Consider a narrow EM wave beam propagating in the Z direction, whose intensity is maximal at the YZ plane and fades quickly as we move away from the YZ plane. Let X be the direction of the E vector.
Consider a small (w.r.t wavelength) cube, whose sides are parallel to the X,Y and Z axes, respectively. Let the cube be placed some distance away from the YZ plane. It seems that the flux of E through the closer face parallel to the YZ axis is bigger than the flux of E through the further face parallel to the YZ plane, in contradiction to the Gauss' law. What is the explanation?
(Even when we take it into account that the beam is divergent, we can still place the cube so that two of its facets are perpendicular to E. It still seems to contradict the Gauss' law).

It would seem to me that since there is no source charge in the cube, Div E = 0. This qualitatively means that what flux lines comes in goes out, which in this case seems to be satisfied.
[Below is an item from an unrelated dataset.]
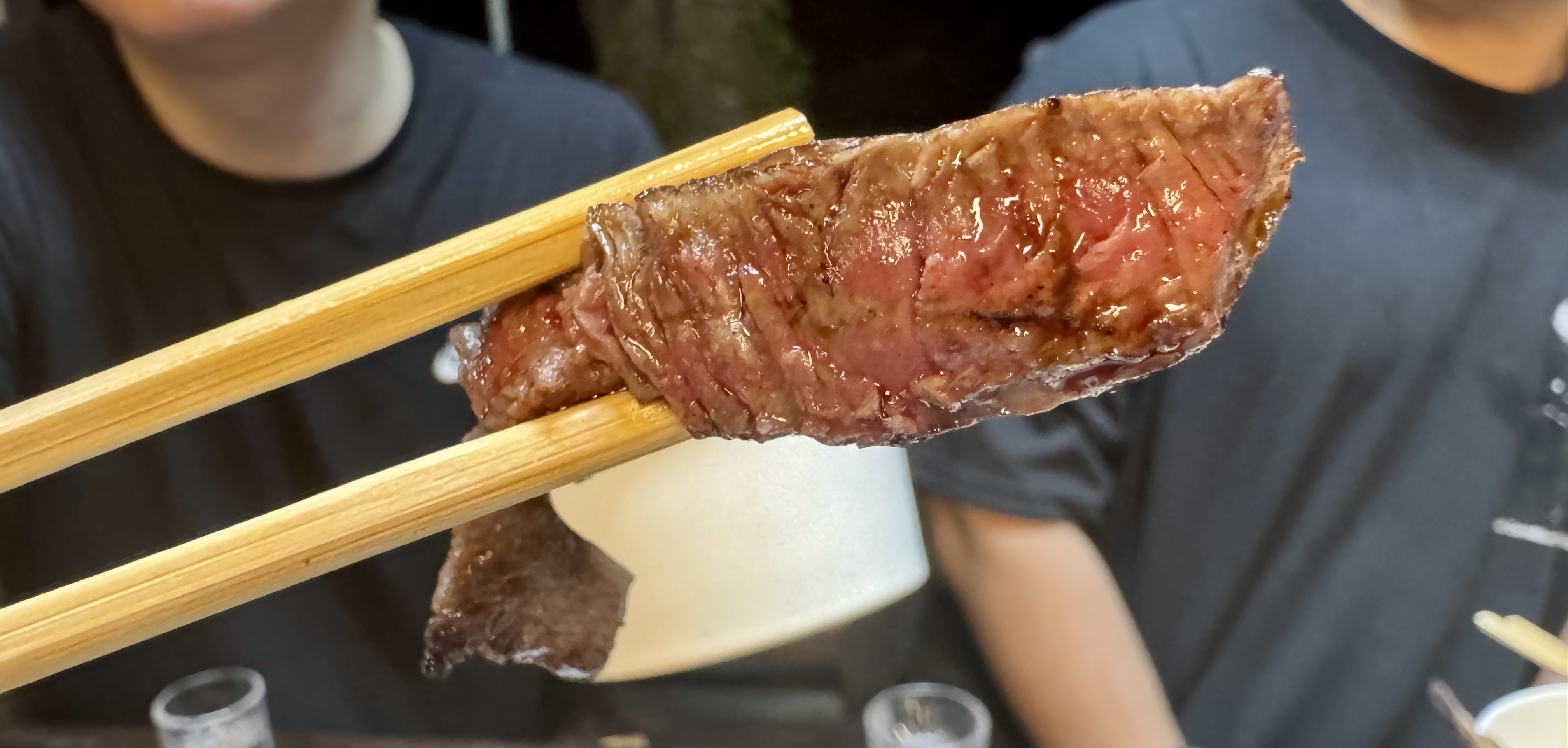 젓가락 사이에 집힌 한우 한 점. 겉은 바삭, 속은 촉촉하게 익은 단면이 선명하게 보인다.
perhaps I am not understanding your question, but this is my perspective.

have fun

Also, as an analogy, if I place this same cube next to a huge amount of charge, but still with no charge within it, again you have huge flux on one side of the cube and less on the other, but again since there is no charge within, Div E = 0 and you can imagine that all flux lines that enter will leave the cube. Seems like a similar scenario.

There's no contradiction. Any propagating field other than a plane-wave, in particular fields which are confined in space or fields with space-dependent amplitude like the one you described (if I understand correctly), can be described as a superposition of plane-waves propagating in different directions via a fourier transform. Exactly one of them is propagating in the Z direction, others are propagating in various angles to the Z direction. So you have power flux not only through the forward and backward facing sides of the cube, but also from the top, bottom and sides. If you count all of them, Gauss' Law should be just fine. Read more about diffraction for more detailed descriptions.

TheArcane, clearly you do not understand what Fourier transform does.
The beam I described cannot be represented as a superposition of plane waves.

@htg: I followed your recent threads on waveguide feed and resonators. You should really get a book on waveguide basics, and study that first.